Prorrogação de prazo para fechamento de lixões é criticada por catadores
Movimento de catadores e especialistas criticaram medida provisória aprovada pelo Senado em 29 de outubro e que estende o prazo para que as prefeituras acabem com os lixões até 2018. A medida aguarda sanção presidencial. O prazo original determinado pela Lei Nacional de Resíduos Sólidos (Lei 2.305), de 2010, encerrou-se em agosto deste ano. Para um dos articuladores do Movimento Nacional de Catadores de Material Reciclável (MNCR), Alex Cardoso, se aprovada, a medida poderá representar um grande retrocesso para o meio ambiente e para os catadores do país.

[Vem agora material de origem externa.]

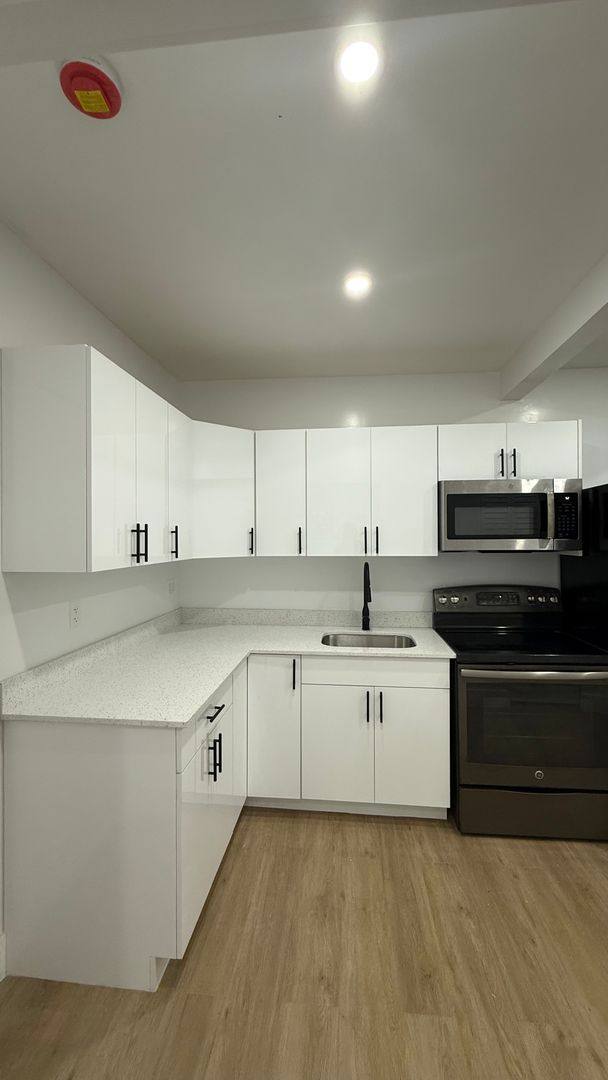 Apartment for rent at 211 SW 10th Ave, Miami, FL 33130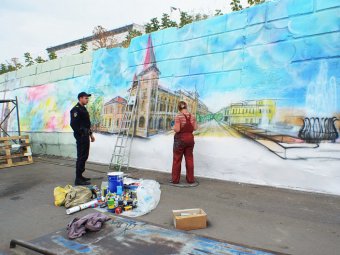 Ко Дню города уличные художники начали расписывать стену на новой набережной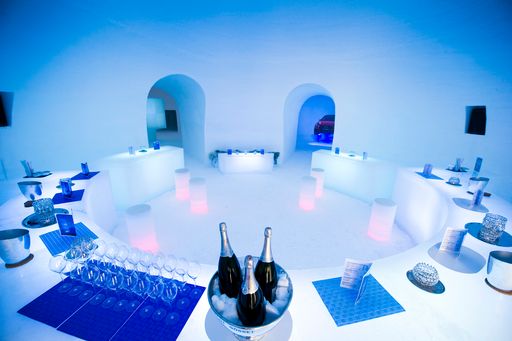 Vorschau Bild von Die nahezu kreisrunde Ice Bar im Kitzsteinhorn ICE
CAMP: hier sind nicht nur die Bartheke und die Barhocker ganz aus
Eis, auch die Getränke werden in Gläsern ganz aus Eis serviert.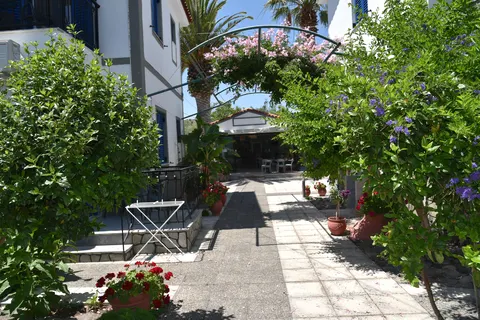 Appartementen Anaxos Garden in Skoutaros — foto 15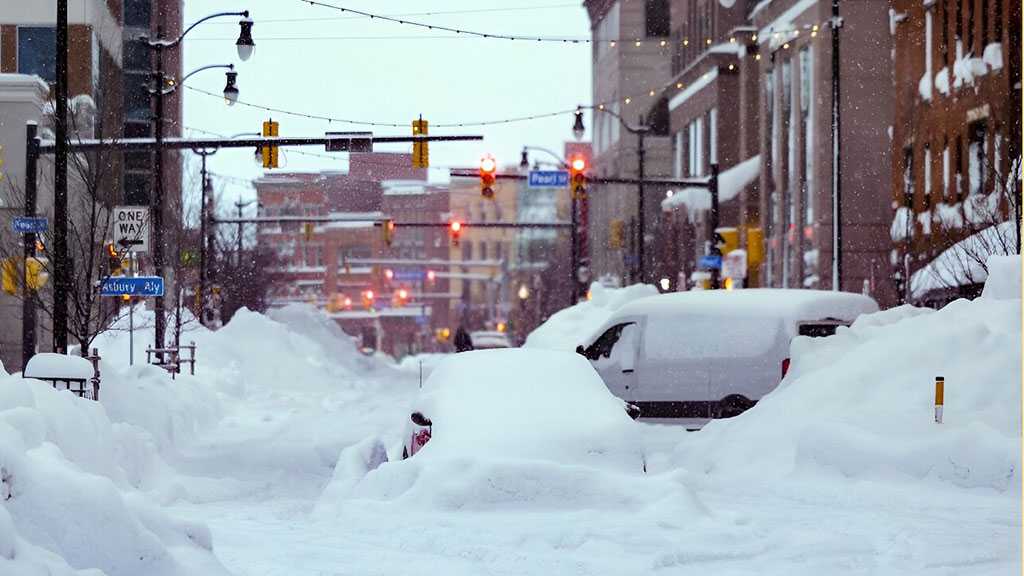 Hundreds of Flights Cancelled Across US as Winter Storms Cause Chaos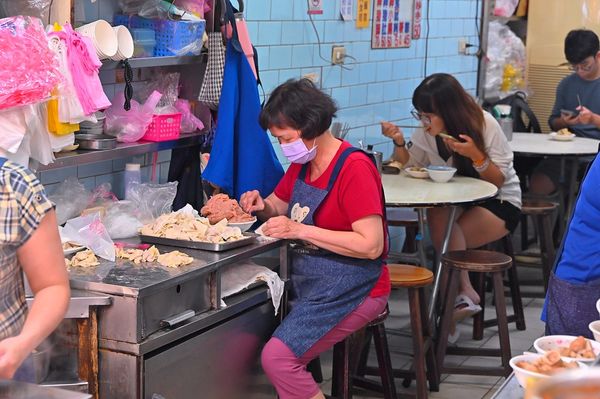 ▲▼永芳亭扁食肉粽。（圖／部落客橘子狗愛吃糖授權提供）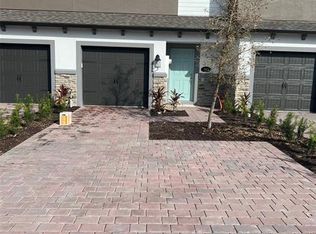 263 Honeysuckle Hwy, Sorrento, FL 32776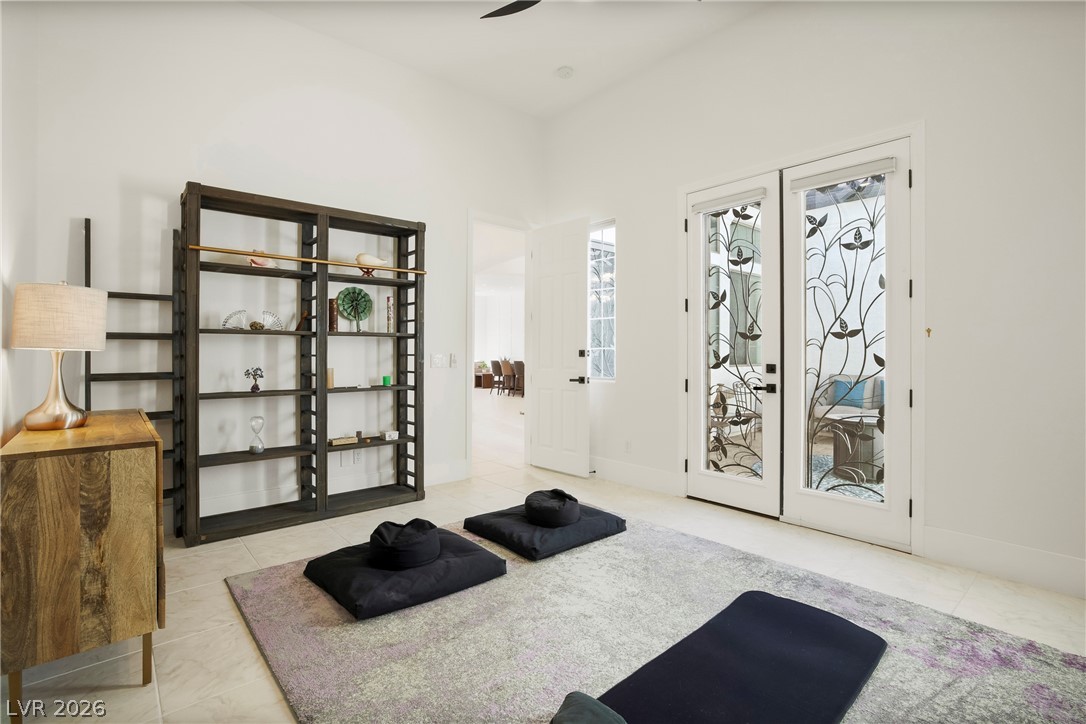 246 Calle Palacio Street Property Photo 23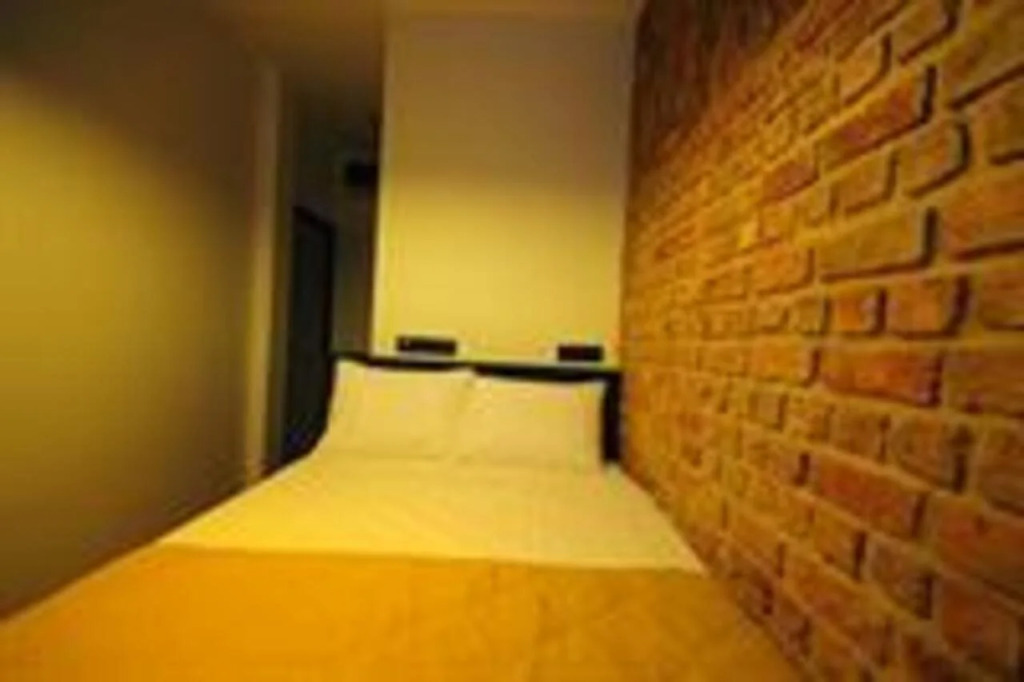Retropera Hotel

Cardoso disse que, nos quatro anos desde que a lei entrou em vigor, muitos municípios sequer iniciaram o processo de fechamento dos lixões, que devem ser substituídos por aterros sanitários. “Eles deixaram o prazo estourar e agora fizeram lobby na Câmara e no Senado. Se o prazo realmente for ampliado, o Brasil perderá o salto qualitativo na parte da gestão ambiental e na defesa do meio ambiente”, disse e acrescentou que, além do prejuízo ambiental, os lixões representam riscos de contaminações e acidentes para os catadores.
O MNCR enviou em setembro uma carta aberta a senadores e deputados em que narra a morte de um trabalhador que foi soterrado pelo lixo e esmagado por máquinas usadas no Lixão da Estrutural, em Brasília. O caso ocorreu um dia após a morte de uma criança de 6 anos no Lixão Soledade, no Rio Grande do Sul.
O movimento está em contato com o conselho do Ministério Público e outras entidades da sociedade civil para que a medida seja vetada pela Presidência e que apenas os municípios que estejam na estaca zero do processo tenham maior prazo para se readequar à legislação. “Não dá para tratar todos os municípios de forma igual. Precisamos saber de fato quais já não têm lixões e o que pode ser feito para solucionar o problema daqueles que ainda têm lixões”, disse Cardoso. Antes da medida provisória, os municípios que mantiveram lixões após o prazo da Lei 2.305 poderiam sofrer sansões civis e responder por crime ambiental.
No Lixão da Estrutural, o maior da América Latina, são depositadas diariamente 8,7 mil toneladas de lixo. Lá trabalham mais de 2 mil catadores de material reciclável 24 horas por dia. Segundo o Serviço de Limpeza Urbana do Distrito Federal, o local deve ser desativado até dezembro, mas, se a medida for sancionada pela presidenta Dilma Rousseff, os catadores temem que o lixão permaneça aberto até 2018.
Para a coordenadora do Movimento Nacional dos Catadores no Rio de Janeiro, Claudete Costa, a 7ª Feira de Negócios e Encontro de Catadores (ExpoCatadores), que ocorre entre os dias 1º e 3 de dezembro, abrirá oportunidades para que catadores de todo o país se articulem e elaborem um documento contra a extensão do prazo do fechamento dos lixões. Segundo ela, o fechamento do Lixão de Gramacho, na Baixada Fluminense, em março de 2012, que já foi o maior da América Latina, tem sido positivo para os catadores da região. “Foi criada uma central e um polo de reciclagem que conta com o trabalho de cinco cooperativas de catadores e cerca de 60 trabalhadores”. Entretanto, Claudete lamentou que lixões clandestinos ainda operem impunemente na região. “Empresas de alto porte têm destinado seus resíduos a esses locais”, denuncia.
De acordo com a advogada especialista em Direito Público da Consultoria em Administração Municipal, Isabela Giglio, não basta prorrogar prazos se não houver orientação mais incisiva e repasse de recursos federais para alguns municípios. “A tarefa de investir em saneamento básico é dos municípios e vem desde a Constituição Federal de 1988. Os municípios já deveriam ter condições de resolver esse problema, mas como vemos que, na prática, isso ainda não foi feito, seria recomendável um apoio maior do governo federal”, acredita.
Dados da Pesquisa Nacional de Saneamento Básico (PNSB) do Instituto Brasileiro de Geografia e Estatística (IBGE) apontam que, em 2013, dos 5.456 municípios do país, 2,2 mil tinham disposição final de dejetos ambientalmente adequada. A Associação Brasileira de Empresas de Limpeza Pública aponta que 48% dos resíduos sólidos coletados no país ainda tem os lixões como destino final.
O governo federal havia aplicado até agosto R$ 600 milhões na elaboração dos planos e na implantação dos projetos estaduais e municipais de gestão dos resíduos sólidos. Governo e Ministério Público Federal tentam agora estabelecer uma estratégia de negociação dos prazos de encerramento dos lixões por meio de Termos de Ajustamento de Conduta (TAC) com as prefeituras.
Por Flavia Villela, da Agência Brasil.